But like a stopped clock, our spend-thrift governor occasionally gets it right. Gov. Schwarzenegger lashed out Wednesday at lawmakers drawing $170 in extra per diem expenses, "every day when they go to the Capitol ... $1,000 a week tax-free."

Per diem expenses are intended to cover legislators' additional costs for essentially residing in two places, Sacramento and in their home districts. The "extra" per diem the governor referred to is money paid lawmakers to sit through meetings even though the Legislative's work officially ended Aug. 31.
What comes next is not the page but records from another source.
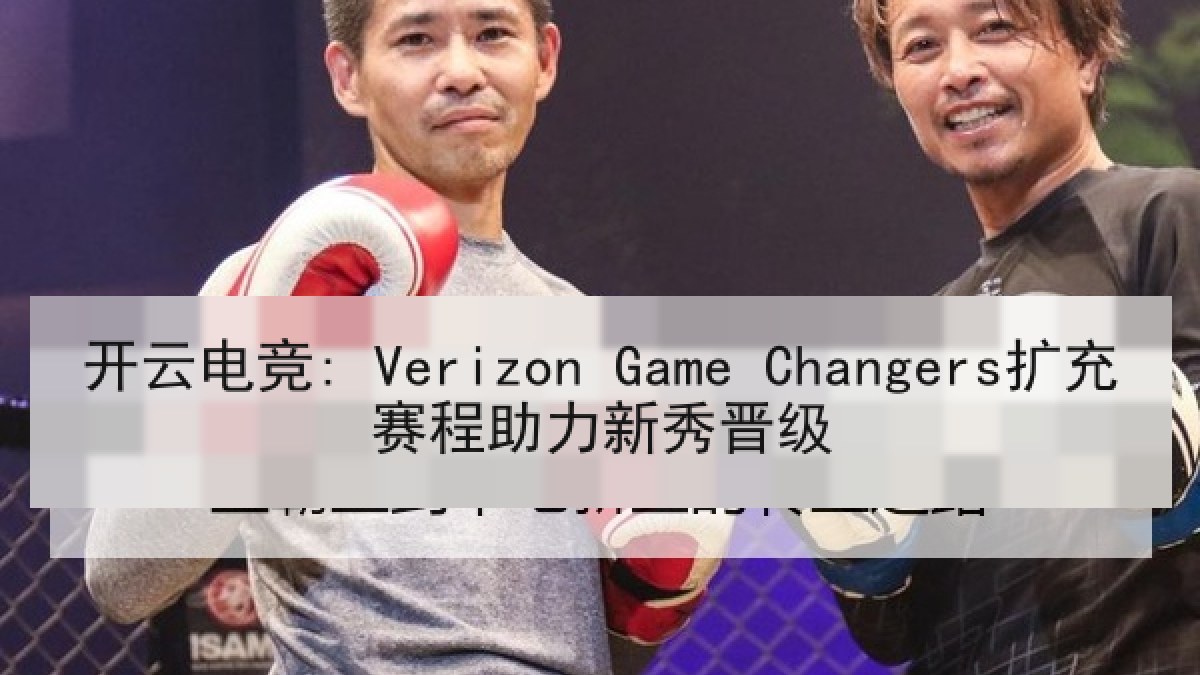 开云电竞: Verizon Game Changers扩充赛程助力新秀晋级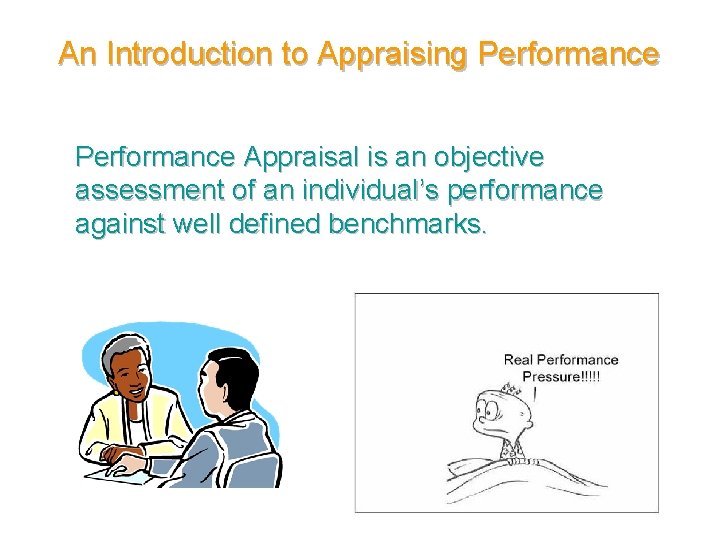 An Introduction to Appraising Performance Appraisal is an objective assessment of an individual’s performance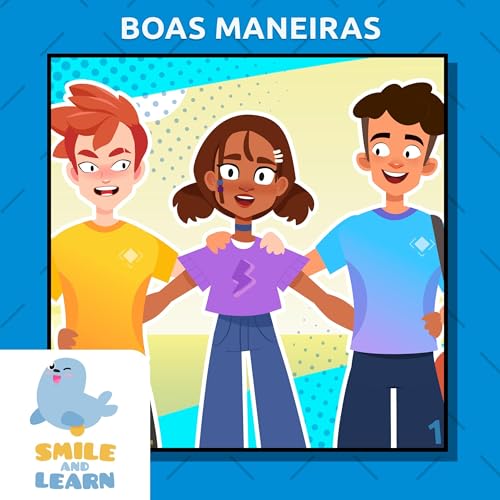 Boas maneiras -- Smile &amp; Learn episode artwork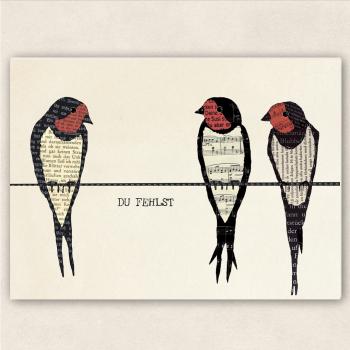 fette Karte  „Du fehlst“ – drei Rauchschwalben – Karte für Abschied, Trauer oder Ruhestand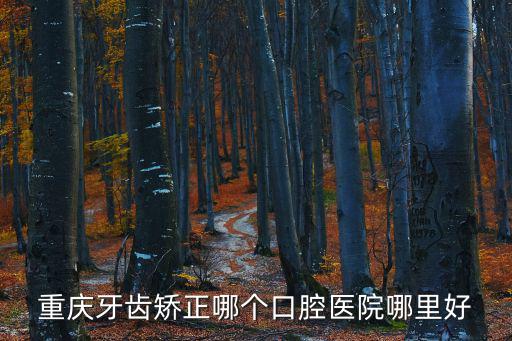 重慶牙齒矯正哪個口腔醫院哪里好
It seems counter-intuitive that people get paid to do a job, then don't deliver what they were paid for, then get paid overtime for as long as they continue not to deliver what they already failed to deliver. As the governor put it: "There are absolutely no consequences to legislators."

We don't suggest legislators convene to purposely accomplish nothing in order to be paid an extra $170 per day, tax-free. Well, maybe we don't suggest that. But when the state is about to run out of money for fundamental services, it's wrong to pay them overtime for continuing to fail at their jobs.

In the Senate alone, taxpayers will pay an extra $46,410 a week in per diem, about $1,190 per senator, despite senators having violated their constitutional duty to adopt a balanced budget way back in June. Do disincentives get any more perverse?

Maybe a more straightforward incentive would be more effective. Why not require senators, who each already are paid $116,208 salary and $35,000 per diem during regular session, to pay back $170 a day every day beyond the constitutional deadline the state goes without an adopted budget?

Lest we cast too broad a criticism, we applaud legislators of both parties who have turned down per diem payments, as reported by the Sacramento Bee. Democrat Sen. Darrell Steinberg of Sacramento rejects per diem year-round. Democrat Sen. Lou Correa of Santa Ana requested his be withheld during the budget standoff.

Assembly Democrats Dave Jones of Sacramento and Lois Wolk of Davis and Assembly Republican Roger Niello of Fair Oaks accept no per diem all year. And Republican Assemblyman Martin Garrick of Solana Beach has rejected per diem since July 1 when the Legislature officially went beyond the constitutional deadline for adopting a budget. At least there are some who refuse to profit from the Legislature's incompetence.